Teddy Goalsevelt is a character invented by Chicago-based USMNT fan Mike D’Amico, modeled after the rugged outdoorsman who was the 26th president of the United States. But some believe the character, who first won fame after appearing on ESPN audience shots during USA-Ghana game, is a marketing invention.

Those accusations have come in light of a story which appeared on Ad Age yesterday. It tells the story of how D’Amico, an associate creative director for ad agency Calvary, invented the Goalsevelt character and went to Brazil to support his team.

But it also mentions a fund-raising effort to help keep him there:

Then [D’Amico] and Cavalry started working on extending his stay, asking fans for funds to keep Mr. D'Amico in Brazil, positioning the request as a way to help the U.S. team out.

"We here at Cavalry, the advertising agency where Teddy (Mike D'Amico) works, see him as the team's mascot now," the agency said on a GoFundMe post. "And we don't think we're alone."

The agency promised to match every dollar donated up to $2,500. It's not clear why the agency didn't just fund the extended trip itself, but it found plenty of takers, not to mention publicity, with the hashtag #TeddyinBrazil.

So what’s going on? Is D’Amico a marketing invention meant to promote his agency?

There’s no suggestion that’s the case. Rather, it’s clear D’Amico’s agency saw an opportunity for a feel-good grassroots campaign (donations above $5000 will go to charity) to keep a popular fan supporting the United States in Brazil, one that also happened to shine a positive light on Calvary.

Journalist and Howler editor Alexander Abnos, who spoke with D’Amico in Brazil, says he believes D’Amico’s support, and character, are genuine and that the fundraising stunt wasn't his idea. 

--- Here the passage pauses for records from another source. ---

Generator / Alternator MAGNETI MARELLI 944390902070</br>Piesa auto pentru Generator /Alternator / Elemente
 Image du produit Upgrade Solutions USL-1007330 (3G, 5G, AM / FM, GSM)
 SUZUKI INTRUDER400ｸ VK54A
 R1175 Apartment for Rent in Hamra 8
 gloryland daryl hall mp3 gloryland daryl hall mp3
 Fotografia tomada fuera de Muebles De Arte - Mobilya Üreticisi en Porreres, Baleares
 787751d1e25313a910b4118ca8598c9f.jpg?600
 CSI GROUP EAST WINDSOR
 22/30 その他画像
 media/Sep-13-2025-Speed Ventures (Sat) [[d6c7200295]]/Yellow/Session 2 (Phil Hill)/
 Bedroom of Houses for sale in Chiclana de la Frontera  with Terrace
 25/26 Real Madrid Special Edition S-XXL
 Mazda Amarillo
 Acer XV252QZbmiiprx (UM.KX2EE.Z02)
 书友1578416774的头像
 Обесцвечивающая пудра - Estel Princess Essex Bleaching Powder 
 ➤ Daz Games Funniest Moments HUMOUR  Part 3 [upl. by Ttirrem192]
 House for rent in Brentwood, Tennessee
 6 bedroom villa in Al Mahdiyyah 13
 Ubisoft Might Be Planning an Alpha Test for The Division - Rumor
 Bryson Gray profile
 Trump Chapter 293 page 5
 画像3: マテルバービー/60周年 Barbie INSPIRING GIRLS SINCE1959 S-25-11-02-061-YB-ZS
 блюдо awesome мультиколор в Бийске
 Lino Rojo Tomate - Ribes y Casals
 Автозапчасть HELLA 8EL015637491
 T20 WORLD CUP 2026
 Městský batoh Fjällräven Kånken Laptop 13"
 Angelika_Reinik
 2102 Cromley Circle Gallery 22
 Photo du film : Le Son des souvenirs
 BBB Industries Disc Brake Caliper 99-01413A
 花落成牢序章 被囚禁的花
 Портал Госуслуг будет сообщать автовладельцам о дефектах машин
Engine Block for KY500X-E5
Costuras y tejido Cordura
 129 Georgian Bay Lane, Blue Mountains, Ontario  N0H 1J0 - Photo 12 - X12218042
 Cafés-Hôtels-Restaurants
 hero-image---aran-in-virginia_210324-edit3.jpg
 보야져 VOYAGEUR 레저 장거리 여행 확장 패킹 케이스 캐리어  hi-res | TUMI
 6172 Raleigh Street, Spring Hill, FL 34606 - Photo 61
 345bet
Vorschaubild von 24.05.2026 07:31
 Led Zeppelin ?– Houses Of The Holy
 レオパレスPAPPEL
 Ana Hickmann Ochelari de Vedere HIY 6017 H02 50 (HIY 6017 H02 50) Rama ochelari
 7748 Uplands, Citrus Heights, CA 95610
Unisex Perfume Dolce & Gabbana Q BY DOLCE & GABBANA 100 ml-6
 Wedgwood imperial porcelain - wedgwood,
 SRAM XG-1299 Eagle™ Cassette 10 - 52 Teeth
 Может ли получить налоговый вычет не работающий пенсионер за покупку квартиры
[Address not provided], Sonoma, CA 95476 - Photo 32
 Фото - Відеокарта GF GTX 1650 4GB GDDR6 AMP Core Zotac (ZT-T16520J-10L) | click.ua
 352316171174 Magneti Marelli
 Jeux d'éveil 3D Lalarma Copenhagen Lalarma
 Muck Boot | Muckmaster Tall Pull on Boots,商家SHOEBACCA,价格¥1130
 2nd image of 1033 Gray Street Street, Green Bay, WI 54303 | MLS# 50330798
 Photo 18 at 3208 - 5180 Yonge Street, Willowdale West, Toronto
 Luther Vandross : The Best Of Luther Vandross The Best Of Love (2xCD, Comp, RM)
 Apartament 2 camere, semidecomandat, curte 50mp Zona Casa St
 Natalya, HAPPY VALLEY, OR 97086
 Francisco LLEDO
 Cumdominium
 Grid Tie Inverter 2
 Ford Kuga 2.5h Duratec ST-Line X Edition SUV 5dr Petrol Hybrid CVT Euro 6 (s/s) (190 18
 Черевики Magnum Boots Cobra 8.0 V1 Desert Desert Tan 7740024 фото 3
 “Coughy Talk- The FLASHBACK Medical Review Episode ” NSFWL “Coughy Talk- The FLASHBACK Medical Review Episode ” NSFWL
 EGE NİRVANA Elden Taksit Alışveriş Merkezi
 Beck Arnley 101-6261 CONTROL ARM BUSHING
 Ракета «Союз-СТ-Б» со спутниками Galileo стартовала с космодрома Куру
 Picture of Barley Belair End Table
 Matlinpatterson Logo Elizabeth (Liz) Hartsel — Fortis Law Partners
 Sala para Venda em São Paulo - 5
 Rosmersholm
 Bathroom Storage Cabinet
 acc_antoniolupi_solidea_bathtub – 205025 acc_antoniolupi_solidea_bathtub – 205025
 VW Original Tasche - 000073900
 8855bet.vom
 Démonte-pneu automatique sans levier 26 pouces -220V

Even so, Calvary may want to tread lightly here, not only to maintain good PR, but also to avoid running foul of FIFA’s strict Brand Protection policy which targets “guerilla marketing” inside FIFA stadiums.

But in the meantime, you can love Teddy knowing that he really is just a soccer-loving Chicagoan presidential lookalike living in the dream along with Klinsmann’s team.